* _About this exercise_
All lines below starting at the one that holds "Baby Shower Baby" and ending at the one that holds "DUX DUCIS SKIN" should be printed exactly, ends included. Pictures should not be printed, nor anything else.

* _Exercise data_
⁂

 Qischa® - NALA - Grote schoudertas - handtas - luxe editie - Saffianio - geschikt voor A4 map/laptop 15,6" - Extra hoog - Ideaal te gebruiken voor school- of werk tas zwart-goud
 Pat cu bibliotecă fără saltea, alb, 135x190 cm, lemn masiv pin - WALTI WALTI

⁂

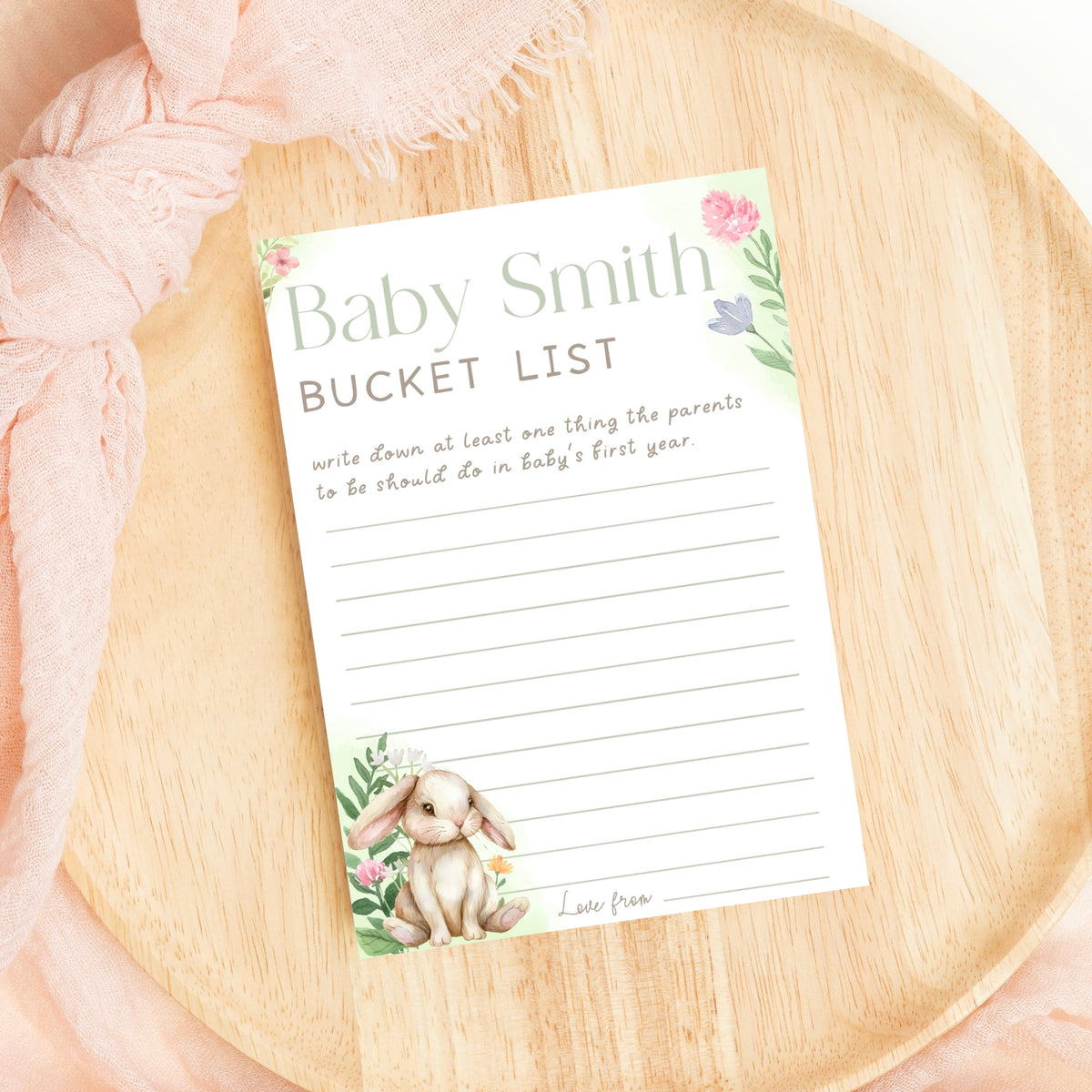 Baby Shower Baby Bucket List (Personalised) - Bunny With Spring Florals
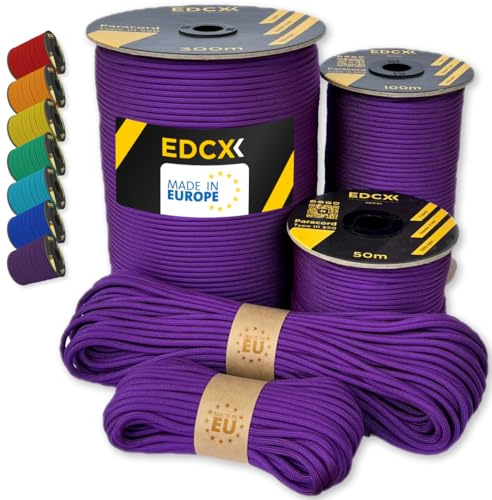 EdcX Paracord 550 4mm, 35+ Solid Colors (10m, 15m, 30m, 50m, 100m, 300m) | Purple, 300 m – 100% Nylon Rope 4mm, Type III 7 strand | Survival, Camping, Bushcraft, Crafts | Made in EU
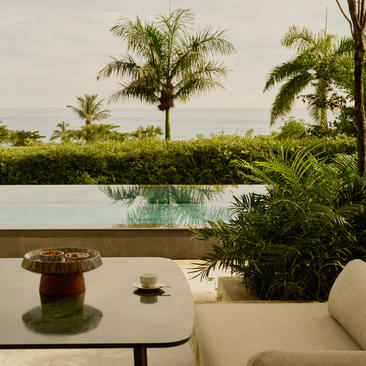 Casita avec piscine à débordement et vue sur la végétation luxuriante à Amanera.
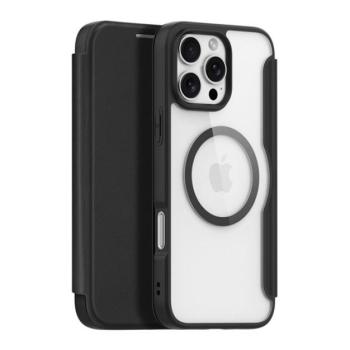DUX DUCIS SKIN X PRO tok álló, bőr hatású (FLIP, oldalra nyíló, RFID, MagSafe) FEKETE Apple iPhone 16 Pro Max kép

⁂

* _Worked solution_
 Baby Shower Baby Bucket List (Personalised) - Bunny With Spring Florals
 EdcX Paracord 550 4mm, 35+ Solid Colors (10m, 15m, 30m, 50m, 100m, 300m) | Purple, 300 m – 100% Nylon Rope 4mm, Type III 7 strand | Survival, Camping, Bushcraft, Crafts | Made in EU
 Casita avec piscine à débordement et vue sur la végétation luxuriante à Amanera.
DUX DUCIS SKIN X PRO tok álló, bőr hatású (FLIP, oldalra nyíló, RFID, MagSafe) FEKETE Apple iPhone 16 Pro Max kép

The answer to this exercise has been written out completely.